David Dohn, 57, recently joined the Kentucky group after retiring in 1998 from a 19-year career in the Special Forces. Both he and his teenage son carried AR-15s and wore desert camo tactical gear as they patrolled the Shell.

“In the Army, you can’t be racist or ignorant. Everybody’s green. I don’t judge anybody. I don’t care what color you are — purple, White, Black,” Dohn said. “I made it perfectly clear I will not associate, train with racists. I ain’t got time for that. I’m not bringing my children around that.”

Dohn explained that he owned a commercial paint company in Kentucky and one of his longtime employees, who joined the Mountain Rangers alongside him, had two Palestinian parents.

“I always joke with him, I probably killed some of your cousins,” Dohn said before introducing his employee using an ethnic slur. “I call him a ‘camel jockey’ to mess with him a little bit but whatever. I don’t care about his race: We’re family.”

The man, Jack Shunnarah, of Hodgenville, Ky., laughed awkwardly as other men resting against the wall of the gas station repeated the pejorative.

“Somebody needs to make a stand,” Shunnarah said of his motivation to join the group. “We need to take Louisville back. We’re not here to start no s—. But if we see somebody getting hurt, we’re going to protect them.

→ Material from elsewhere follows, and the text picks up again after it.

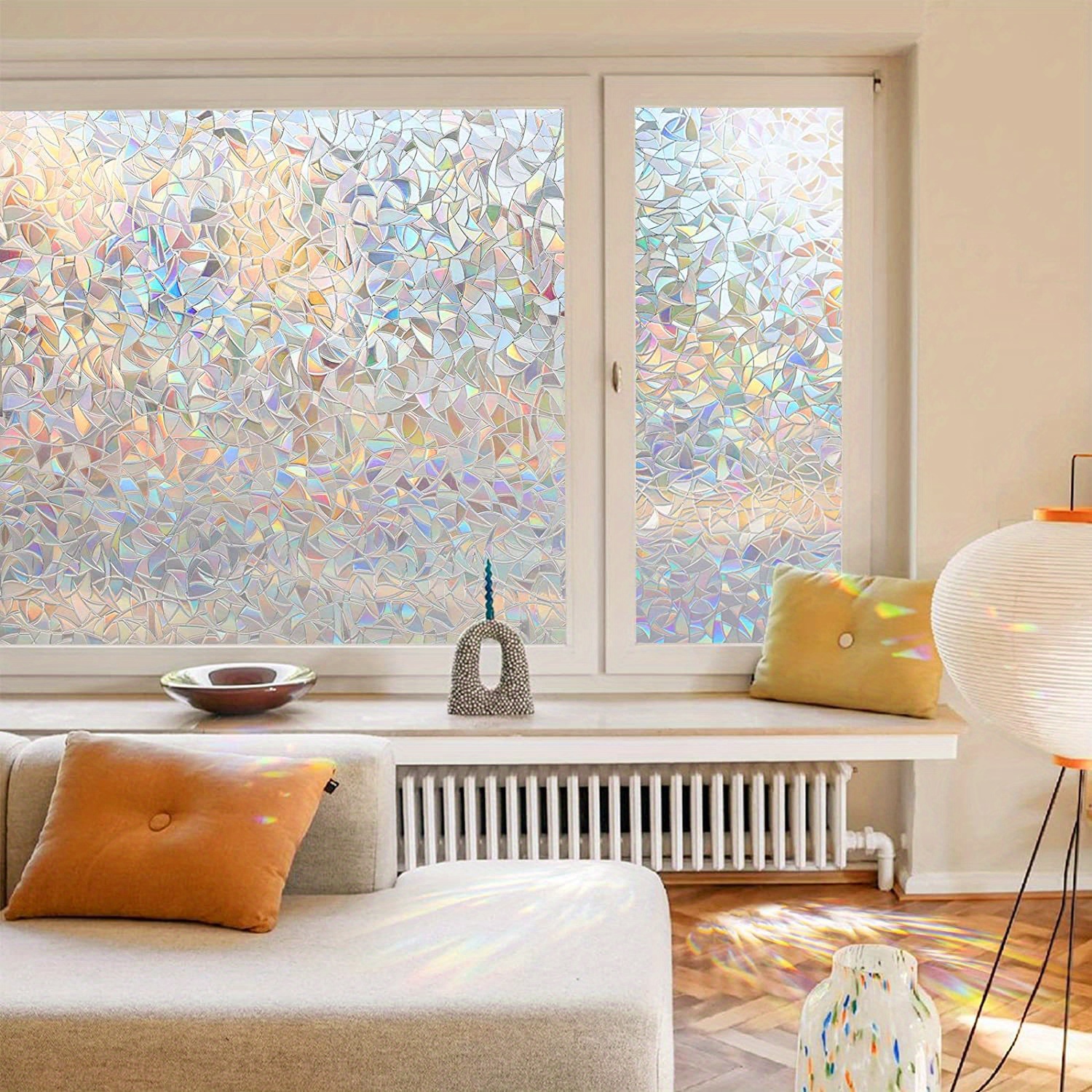 Acquista Pellicola per finestre di dimensioni multiple Privacy 3D Finestra  decorativa Vinile Adesivo statico per finestre Decalcomanie per finestre in  vetro rimovibili colorate non adesive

All this ‘Black Lives Matter’ mess … it’s all lives matter.”

The Oath Keepers are selective about who they associate with, Mike said. He turned down an offer for assistance from the Proud Boys — the extreme-right group Trump referenced in last week’s debate, telling them to “stand down, stand by” — expressing contempt for a group that has gained a reputation for virulent racism and violent confrontations with demonstrators in numerous American cities.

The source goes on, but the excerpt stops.